The ban on marriage between persons of the same sex is an assault on the basic human dignity of same-sex attracted people. It subjects them to a damaging social stigma, a new report by the American Psychiatric Association (APA) has now recognised.
The document surveys 10 recent psychiatric studies that explore the consequences of the marriage ban on test-samples of thousands of everyday people.
It presents a new scholarly consensus about the horrifying psychological impact of living in a culture where you are denied access to significant cultural institutions such as marriage.
It has found that living in a state that bans marriage is linked to “chronic social stress and psychological problems”. It also said it can reinforce “minority stigma”, “undermine healthy emotional development and attachment style”, and even lead to shorter and less stable relationships.
The APA has called for full marriage equality to address these and other harmful side-effects of the marriage ban.
Eight years into Australia’s marriage equality movement, this study demonstrates what people in the movement have always known: that homophobia destroys lives.
The political implications of this research are clear enough — the marriage ban is not merely a matter of “formal” inequality, it is rather a form of systematic moral persecution, which is cruel and dehumanising.
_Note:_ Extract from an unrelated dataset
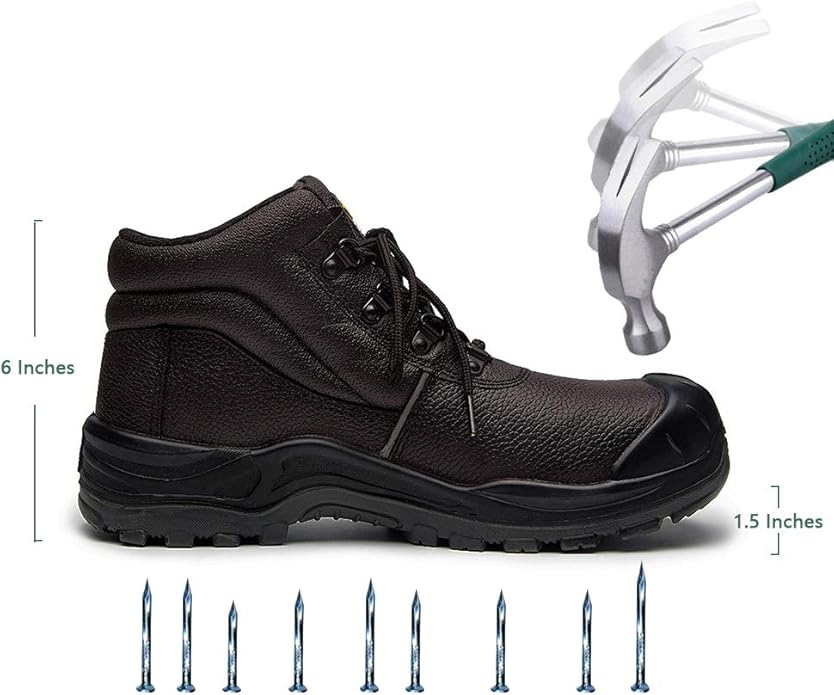 DRKA Water Resistant Steel Toe Work Boots For Men,6'' EH-Rated Safety Boots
Human rights are in essence a kind of dignity, a recognition of the preciousness of each human person, which means that people must be treated in such a way as to respect and value their uniqueness, freedom and equality.
One person who has experienced the degrading impact of homophobia is Scott Williams, the young co-founder of Wear it Purple, an advocacy group for “rainbow-youth” with a platform targeting issues such as bullying, depression and suicide.
When Scott came out as same-sex attracted to a person he trusted at the age of 15, he was told “that means you’ll never be able to have a family, or spend your life with someone who loves you … You are setting yourself up for failure.”
Already having experienced suicidal tendencies because of the homophobic environment he was immersed in, Scott spent the next six months of his life dwelling on the possibility that he would never be able to have a family of his own.
Because he did not feel conventionally “masculine” enough, Scott began to think that he would never be capable of being a father, or a “bread-winner” in a “normal” family context.
Scott was also introduced to stereotypes about homosexuals in his first encounter with queer-culture: the TV sitcom Queer as Folk.
Watching this sitcom made Scott think that being gay meant sleeping around and obsessing about clothes and music. “I didn’t fit into the gay stereotype and I wasn’t straight, so I didn’t fit into either world.”
He began to wonder if it would be better for him to just opt out of life altogether, and so began a year of self-torment, which included times when he felt suicidal.
Now aged 20, Scott has found that working with Wear it Purple gives him a better outlook on life. It has allowed him to engage positively with the issues that caused him so much stress in his formative years.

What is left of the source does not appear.